Read this doc for outlines on what reads/writes are performed when and where (there's charts at the bottom)

http://nesdev.com/6502_cpu.txt (edit2: specifically, read the "6510 Instruction Timing" section. Ctrl+F the file to get to it)


EDIT: doh, I'm too slow.

[tepples]

LDA $1234,X will fetch both $1234 and $1234+X I think.

It actually fetches three bytes of the instruction, then $1200 + <($34+X) (with the bytes added without carry), then $1234+X if it differs.

[Petruza]

LDA $1234,X will fetch both $1234 and $1234+X I think.

It actually fetches three bytes of the instruction, then $1200 + <($34+X) (with the bytes added without carry), then $1234+X if it differs.

Tepples, what was the <() notation? I think I knew it but I forgot. Is it a bitshift?

Disch: thanks for the link!

[thefox]

LDA $1234,X will fetch both $1234 and $1234+X I think.

It actually fetches three bytes of the instruction, then $1200 + <($34+X) (with the bytes added without carry), then $1234+X if it differs.

Tepples, what was the <() notation? I think I knew it but I forgot. Is it a bitshift?

Low byte. E.g. <$6789 is $89 whereas >$6789 is $67.

[Petruza]

LDA $1234,X will fetch both $1234 and $1234+X I think.

It actually fetches three bytes of the instruction, then $1200 + <($34+X) (with the bytes added without carry), then $1234+X if it differs.

Oh, so this is what happens always on absolute indexed addressing? the indexing occurs first on the low byte only?

Damn, my cpu interpreter will take longer than I thought.

[tepples]

LDA $1234,X will fetch both $1234 and $1234+X I think.

It actually fetches three bytes of the instruction, then $1200 + <($34+X) (with the bytes added without carry), then $1234+X if it differs.

Oh, so this is what happens always on absolute indexed addressing? the indexing occurs first on the low byte only?

Yes. The 6502 has one 8-bit ALU and one 16-bit upcounter (for PC). To calculate a,x or a,y absolute indexed addressing in an instruction other than sta, stx, or sty, it uses the 8-bit ALU to first calculate the low byte while it fetches the high byte. If there's a carry out, it goes "oops", applies the carry using the ALU, and repeats the read at the correct address. Store instructions always have this "oops" cycle: the CPU first reads from the partially added address and then writes to the correct address. The same thing happens on (d),y indirect addressing.

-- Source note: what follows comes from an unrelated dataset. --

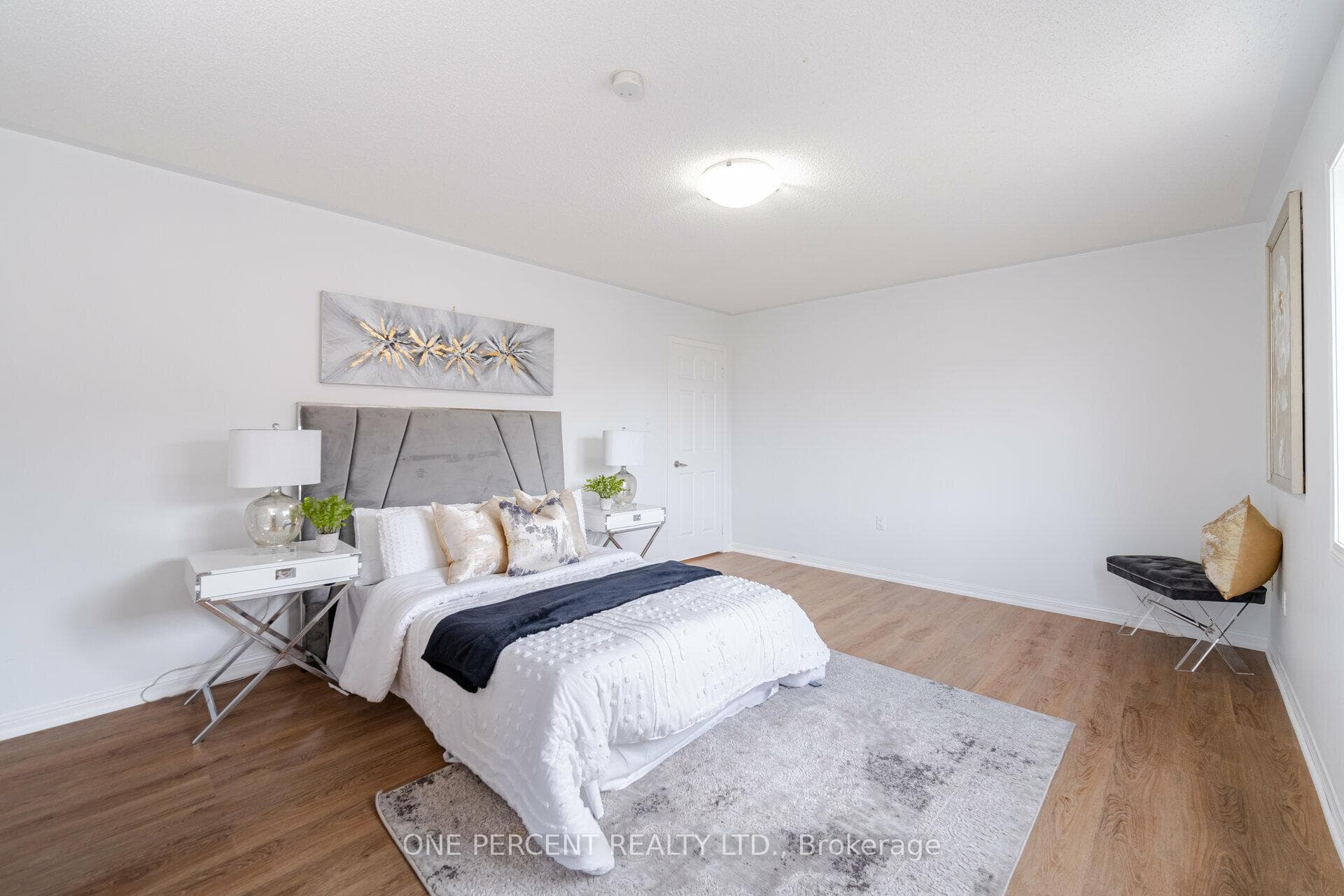 949 Vickerman Way photo 25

As for (d,x) indirect addressing, I don't know how many cycles that takes. As a programmer, I've never had a chance to use it in a loop. The only time I've ever used a table of addresses on zero page was in a music engine, where x had the possibility of being 0, 4, 8, or 12.

[Dwedit]

Atari 2600 games love zeropage indexed addressing mode.

[Bregalad]

All ($xx,X) instructions takes 6 cycles according to this. : http://www.6502.org/tutorials/6502opcodes.html
However this page contains at least 1 error : and $xx is 3 cycles and not 2.

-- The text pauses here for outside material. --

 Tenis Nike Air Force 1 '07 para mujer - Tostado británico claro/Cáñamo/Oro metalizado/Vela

For the 6 cycles it should be like that :
1) Read opcode
2) Read argument
3) Read $xx+X
4) Read $xx+X+1
5) Read [$xx+X]

So there is one more dummy read in the process too.

As for (d,x) indirect addressing, I don't know how many cycles that takes. As a programmer, I've never had a chance to use it in a loop. The only time I've ever used a table of addresses on zero page was in a music engine, where x had the possibility of being 0, 4, 8, or 12.

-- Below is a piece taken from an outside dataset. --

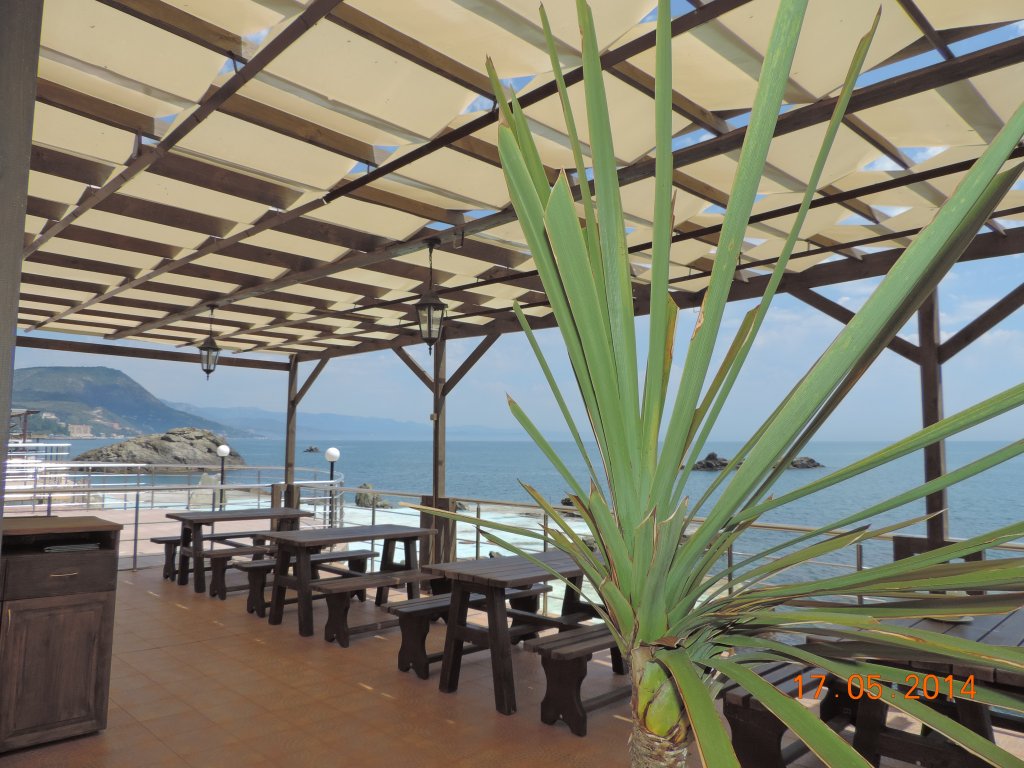 Paradiz Hotel — Alushta — photo 4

It's fun, because I also only used the lda ($xx,X) instruction only one time for my music engine. Sounds like it's a common way to do it.

Also maybe I used this instruction with X = 00 in all cases, if Y was busy with something else, I'm not sure exactly, but it doesn't really count.

[Disch]

Close @ the reads. It is 6 cycles like you said, but you only listed 5 of them.

The doc I linked to before lays it out: http://nesdev.com/6502_cpu.txt


1) Read PC (opcode)
2) Read PC+1 (argument)
3) Read $xx (dummy read, gives time to add X to $xx)
4) Read $xx+X (low byte)
5) Read $xx+X+1 (high byte)
6) Read ($xx+X) (final data)

[blargg]

There are some dummy read test ROMs available.